Dünya vatandaşı olmayı hedefliyorlar. Dinlere ve ideolojilere
karşı soğuklar.
Ama hayvan haklarına, çevreye, insan haklarına duyarlılar. Genel
olarak aktivistler. Sosyal sorumluluk projelerinde yer
alıyorlar. Algıları açık, çok hızlı öğreniyorlar.
Sabah 9 akşam 5 tipi işlerde çalışmak
istemiyorlar. Yaratıcı, yükselen trendi olan, uluslararası işlerle
ilgileniyorlar. Konut alıp, hayat boyu ev kredisi ödemek istemiyorlar.
Çoğunluğu evlenip tek bir kişi ile ömür geçirmeye sıcak bakmıyor. Evlenirlerse de uzun sürmüyor, bir kaç
yılda boşanıyorlar. İleri yaşlarda, belki bir çocuk yapabilir diyorlar.
Lüks araba alıp borç ödemek istemiyorlar. Bu sistem hantal geliyor onlara. Duruma göre bisiklet, motosiklet,
taksi ve metroyu tercih diyorlar.
Haute Coutere denilen lüks giyime de bakış açıları farklı. İmkânları
olsa bile bu markalara büyük paralar harcamak istemiyorlar. Onun yerine şık, spor, rahat kıyafetleri
seçiyorlar. Sloganları “Ulaşılabilir Lüks”.
Teknolojiye ve iletişime sınırsız para harcayabiliyorlar. Çünkü bu
onlar için özgürlük demek. Konuta, arabaya, lüks giyime
para harcamak yerine eğlenceye, yeme-içmeye ve seyahate
para harcıyorlar.

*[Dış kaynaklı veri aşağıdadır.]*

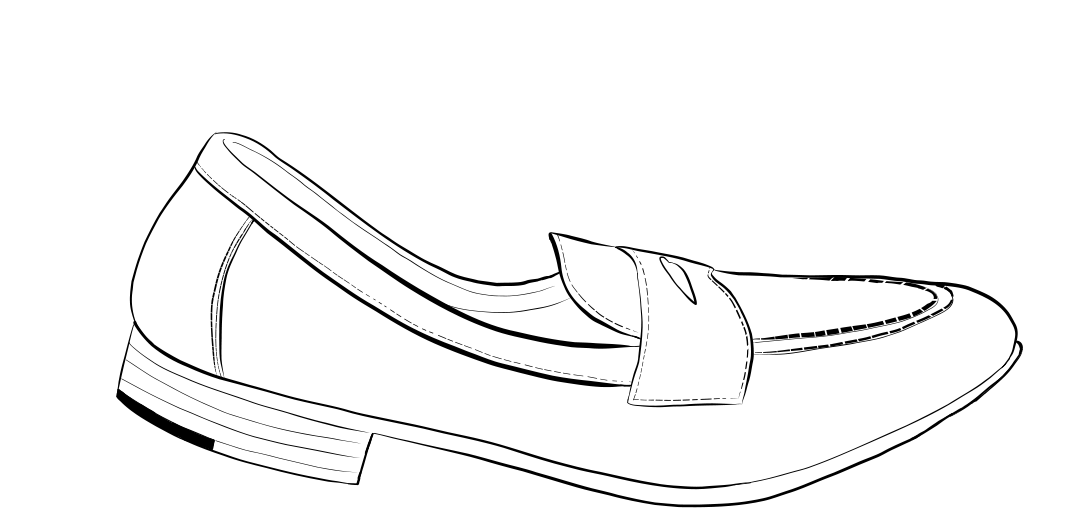 How To Draw Anime Shoes Step By Step AnimeOutline, 41 OFF
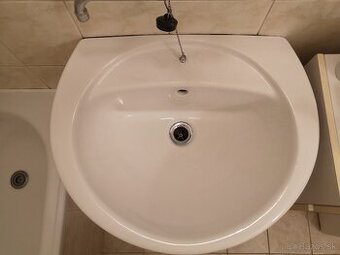 Umyvadlo do kupelne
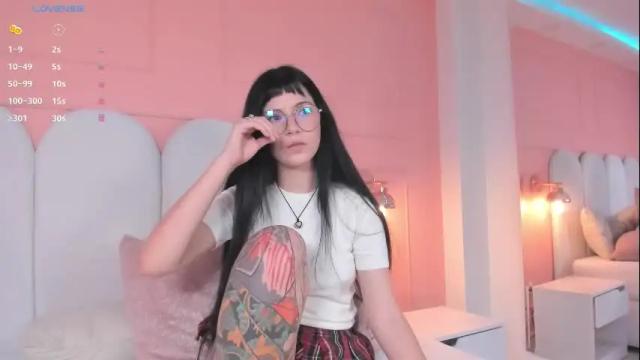 Thumbnail 3, monserrat_gil's Stream at Chaturbate, 1 month ago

Bir kaç yıl
çok çalışırlarsa sonraki bir iki yılı dünyayı gezmek için
ayırmayı hedefliyorlar.
Emekli olarak ve konut alarak güvence sağlamakla ilgilenmiyorlar. Bunun
yerine yükselen trendi olan işlerde yaratıcı buluşlar ve işler yaparak
hayatları boyunca yetecek paraları kazanmayı hedefliyorlar.
Anı yaşıyorlar. Tasarruf yapmıyorlar. Yani kısacası hayatlarını ev, araba,
okul taksitlerine adamayı istemiyorlar.
Dolayısıyla genel ekonomi
kuramlarında geçen “şu
koşullar gerçekleşirse tasarrufa ya da tüketime yönelme olur”
gibi teoriler işlememeye başlıyor. Çünkü tüketici profili
değişiyor. Dünya ekonomisinde durgunluk baş gösteriyor. Klasik
tüketim düşüyor.
Yukarıdaki saptamaların geniş bir kısmı bizim
kent gençliğimizle uyumlu gibi. Sanki Gezi olaylarında ortaya çıkan ve hepimize
“bunlar da kim” sorusunu sorduran gençlerin profiline benziyor.
Gençlerin çoğunluğu bizim nesilden farklı olarak bireyci. Bu nedenle daha
fazla özgürlük talep ediyorlar. Tepkilerini mitinglerde değil sosyal medyada
dile getiriyorlar. Bir araya gelip konuşmayı, tartışmayı, eylem yapmayı pek
sevmiyorlar. Böylelikle bir emir/komuta zincirine tabi olmadan siyasi ve/veya
sosyal tavır aldıklarını düşünüyorlar.